East India Company Before the East India Company established trade in India, John Mildenhall, a merchant adventurer, was the first Englishment who arrived in India in 1599 by the over land route, ostensibly for purpose of trade with Indian merchants.

     On 31st December, 1600, Queen Elizabeth granted a Charter to the Company named 'The Governor and Company of Merchants of London Trading in the East Indies' the right to carry on trade with all countries of the East. This company is commonly known as the English East India Company.
Chronology of English East India Company
1600 Establishment of English East India Company
1608 Captain William Hawkins visited the Mughal Court of Jehangir.
1609 Emperor Jehangir issued farman permitting the English to establish a factory at Surat.
1613 The English East India Company's factory was set up at Surat.
1615 Sir Thomas Roe was successful in obtaining two farmans from the Mughal Court confirming free trade with exemption from inland toll.
1616 The East India Company established its branch factory at Masulipatnam.
1632 The English obtained the Golden Farman with the right to trade in the kingdom of Golkunda for a fixed customs duty, from the Sultan of Golkunda.
1633 The eastern branch factory of East India Company was established in Hariharpur, Balasore.
1639 The local king of Madras(Now Chennai) granted the Company a lease.
1651 Nawab Shuja-ud-din of Bengal granted the English, the right to carry on their trade on payment of a fixed duty.
1662 King Charles II of England was given Bombay (Now Mumbai) as dowry after marrying the Portuguese princess
1667 The English obtained the royal farman to trade in Bengal from the Mughal Emperor Aurangzeb.
1687 The English East India Company replaced its headquarters from Surat to Bombay.
1691 The Governor of Bengal gave the English Company Dastaks (Free trade passes) on the payment of a fixed duty.
1717 English obtained a number of trade concessions from the Mughal Emperor Farrukhsiyar after the Emperor was cured of a painful disease by the English Surgeon William Hamilton.
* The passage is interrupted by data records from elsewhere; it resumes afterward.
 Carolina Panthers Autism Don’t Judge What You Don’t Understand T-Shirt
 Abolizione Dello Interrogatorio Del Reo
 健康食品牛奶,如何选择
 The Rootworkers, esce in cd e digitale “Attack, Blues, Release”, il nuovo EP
For a few years, the English East India Company confined its activities to the spice trade with Java, Sumatra and the Moluccas. But in 1608 Captain William Hawkins came to the court of Jehangir with a letter from James I, king of England, requesting permission for the English merchants to establish in India. But due to vehement opposition of the Portuguese and the Surat merchants, Emperor Jehangir had to change his mind and Hawkin's mission failed. Next year, Jehangir issued a farman permitting the English to establish a factory permanently at Surat. In 1615, a British mission under Sir Thomas Roe succeeded in obtaining farmans from the Mughal Court confirming free trade without liability to pay inland toll. In 1632 the English obtained from the Sultan of Golconda the Golden farman granting them the right to trade throughout the kingdom of Golconda on payment of a fixed customs duty of 500 pagodas per year. This farman was renewed in 1634.
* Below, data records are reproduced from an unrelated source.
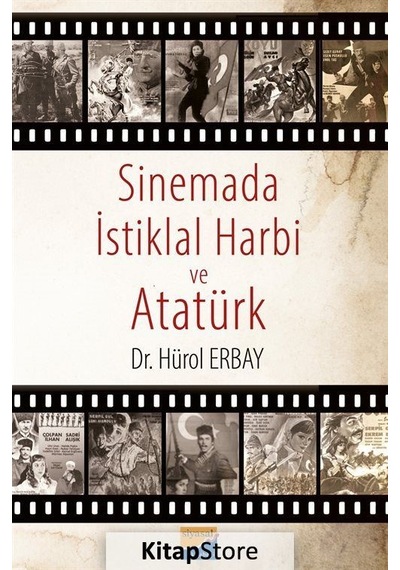 Sinemada İstiklal Harbi ve Atatürk - Hürol Erbay - Siyasal Kitabevi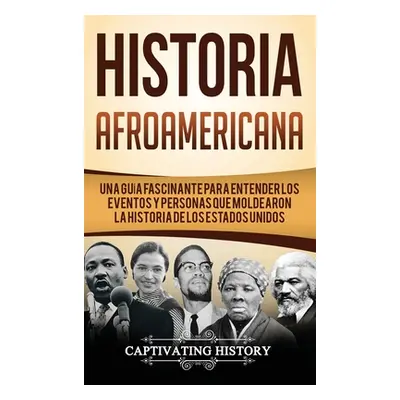 "Historia Afroamericana: Una Gua Fascinante para entender los eventos y personas que moldearon l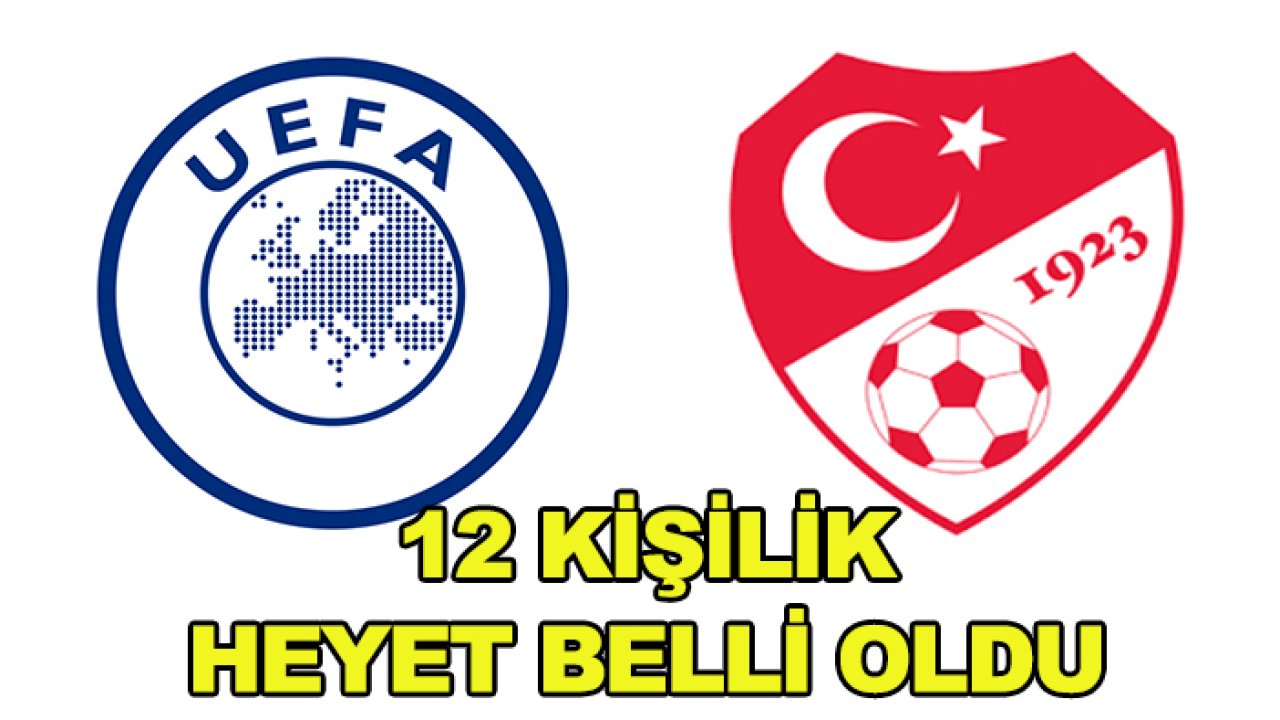Türkiye'yi UEFA'da 12 kişi temsil edecek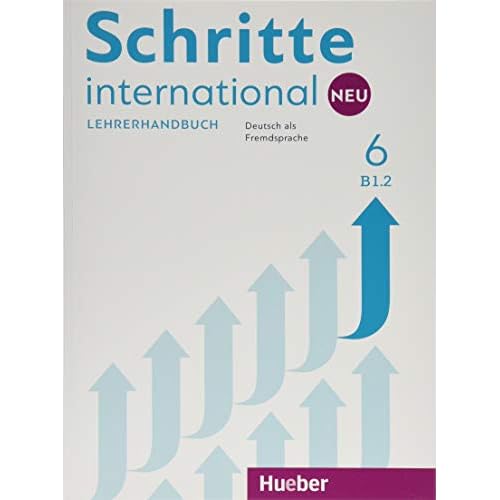 Schritte international Neu 6 / Lehrerhandbuch: Deutsch als Fremdsprache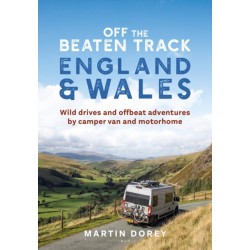 Off the Beaten Track: England and Wales: Wild drives and offbeat adventures by camper van and motorhome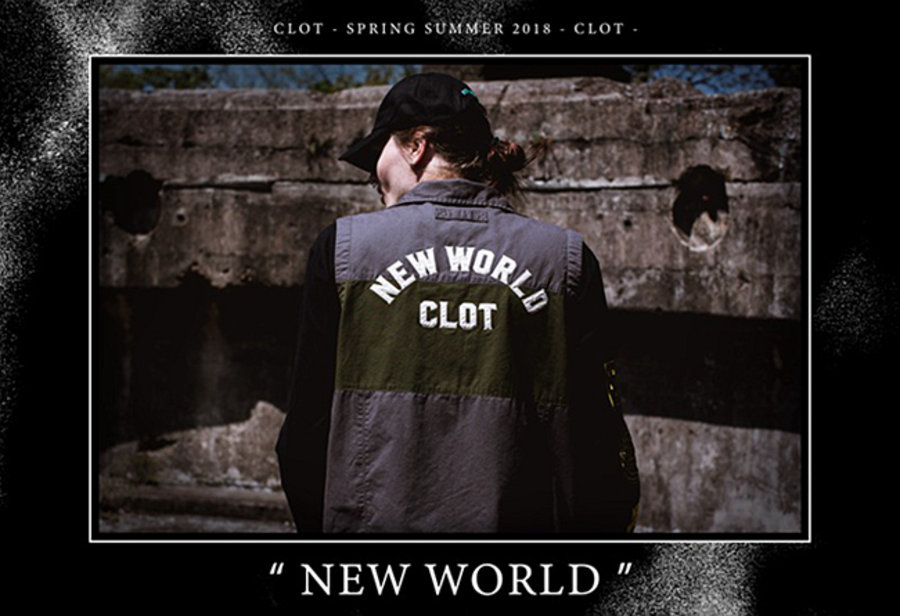 创造,新世界,CLOT,2018,全新,New,World,  创造新世界！CLOT 2018 全新 New World 系列正式发布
    The Company obtained from the Nawab Shaja-ud-din a farman in 1651 granting the English the right to carry on their trade on payment of a fixed duty of Rs. 3000 per year.

     In 1714, an Englishman John Surman was sent to Delhi Court for securing trading facilities for the company. He succeeded in obtaining from Emperor Farukhsiyar a farman in 1717, by which the Company was permitted to carry on trade in Bengal, Bombay and Madras free of customs duty. The Company was also permitted to mint its own coins. The Nawabs of Bengal, however, showed scant regard for the imperial farman .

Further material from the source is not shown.